■ **What needs to be done**
Leave out the pictures and retype, exactly, the lines below from the line with "Fotoatelier Reutlinger, Paris" up to and including the line with "Vasagle Barhocker, 4er", nothing more.
[Extracted entries Boundary: Start]
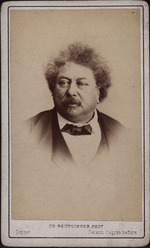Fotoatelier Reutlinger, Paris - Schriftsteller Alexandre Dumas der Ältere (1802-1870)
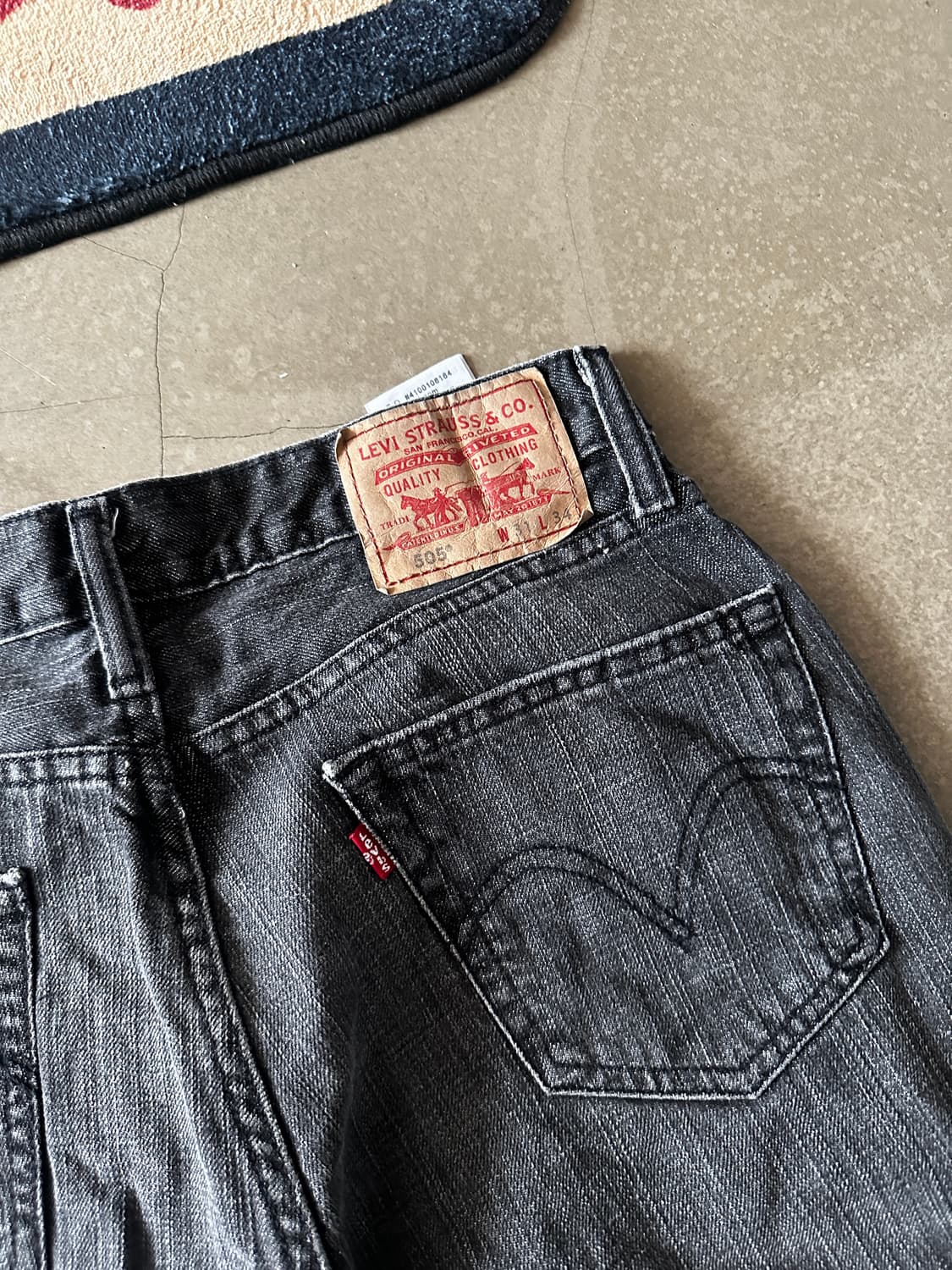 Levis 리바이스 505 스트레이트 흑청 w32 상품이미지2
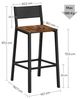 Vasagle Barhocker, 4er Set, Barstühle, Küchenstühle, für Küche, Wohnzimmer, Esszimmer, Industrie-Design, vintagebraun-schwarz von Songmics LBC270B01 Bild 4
[Extracted entries Boundary: End]
[Extracted entries Boundary: Start]
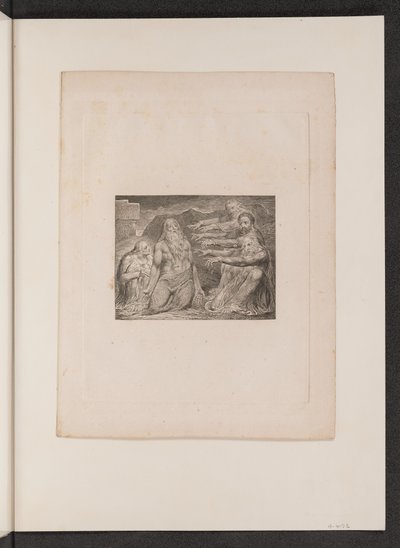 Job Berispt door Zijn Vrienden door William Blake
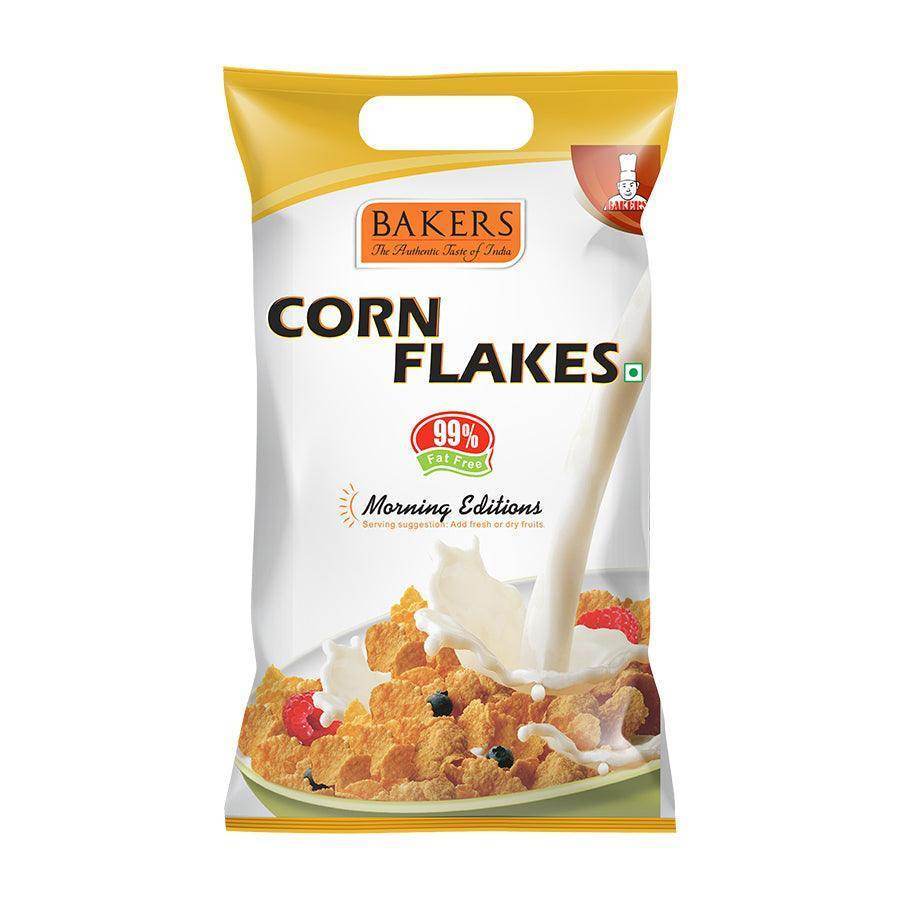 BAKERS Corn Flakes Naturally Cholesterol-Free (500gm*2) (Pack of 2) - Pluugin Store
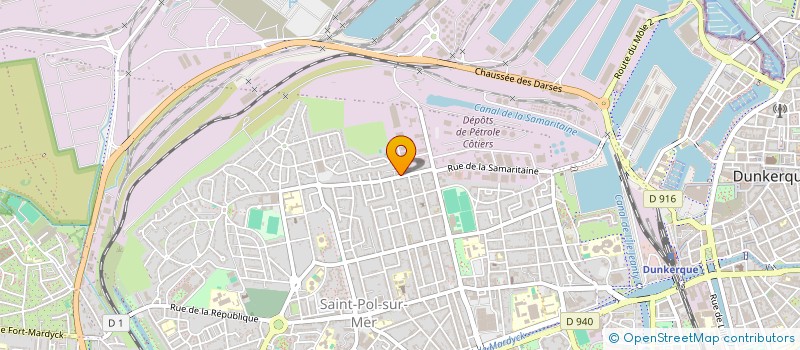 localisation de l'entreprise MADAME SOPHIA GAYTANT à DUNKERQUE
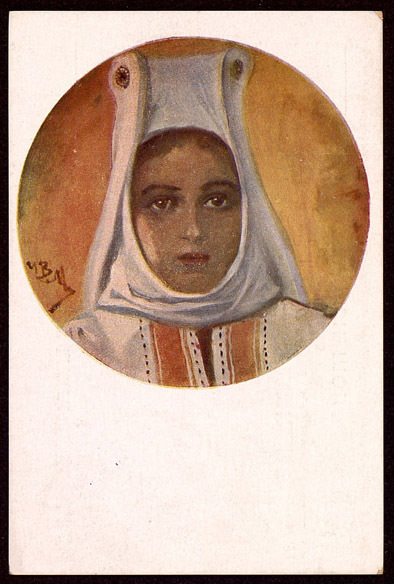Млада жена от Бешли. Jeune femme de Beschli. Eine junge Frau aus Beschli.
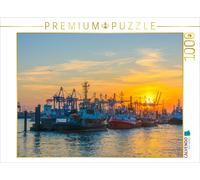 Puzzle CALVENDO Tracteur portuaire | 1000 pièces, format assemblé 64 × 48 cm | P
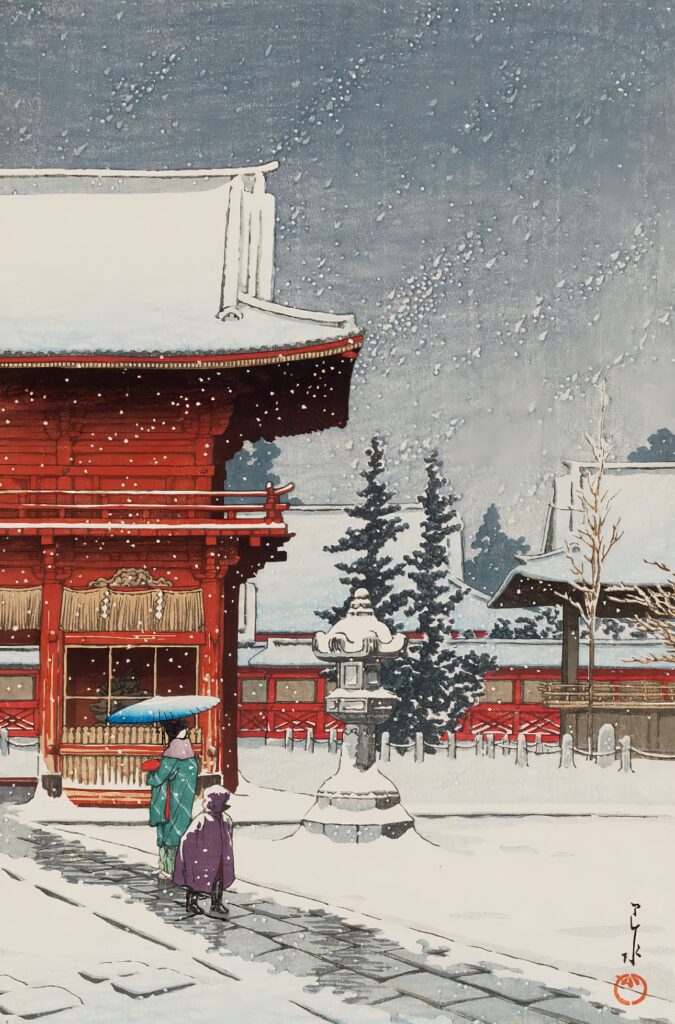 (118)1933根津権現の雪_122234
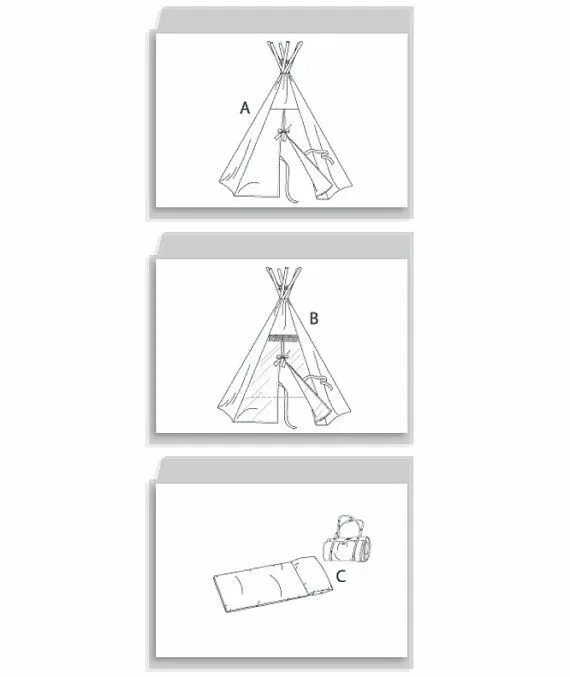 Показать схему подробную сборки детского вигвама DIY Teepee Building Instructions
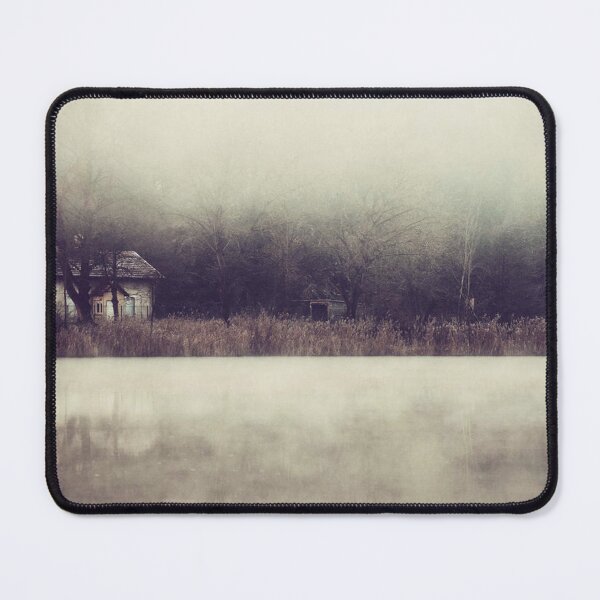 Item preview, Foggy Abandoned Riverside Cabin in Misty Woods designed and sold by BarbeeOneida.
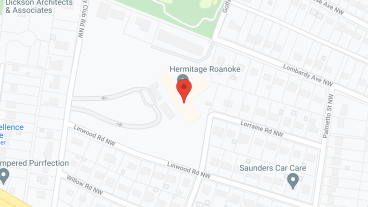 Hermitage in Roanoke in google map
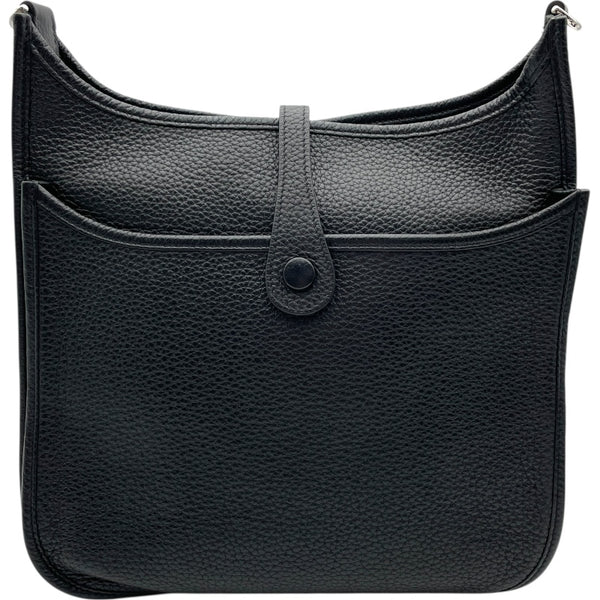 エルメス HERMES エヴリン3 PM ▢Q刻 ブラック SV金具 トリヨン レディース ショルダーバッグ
[Extracted entries Boundary: End]
[Extracted entries Boundary: Start]
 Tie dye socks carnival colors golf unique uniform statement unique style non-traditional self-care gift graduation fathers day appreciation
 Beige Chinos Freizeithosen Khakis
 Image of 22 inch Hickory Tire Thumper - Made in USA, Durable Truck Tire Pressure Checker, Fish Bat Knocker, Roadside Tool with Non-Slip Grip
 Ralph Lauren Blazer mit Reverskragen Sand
[Extracted entries Boundary: End]
■ **Problem solution**
Fotoatelier Reutlinger, Paris - Schriftsteller Alexandre Dumas der Ältere (1802-1870)
 Levis 리바이스 505 스트레이트 흑청 w32 상품이미지2
 Vasagle Barhocker, 4er Set, Barstühle, Küchenstühle, für Küche, Wohnzimmer, Esszimmer, Industrie-Design, vintagebraun-schwarz von Songmics LBC270B01 Bild 4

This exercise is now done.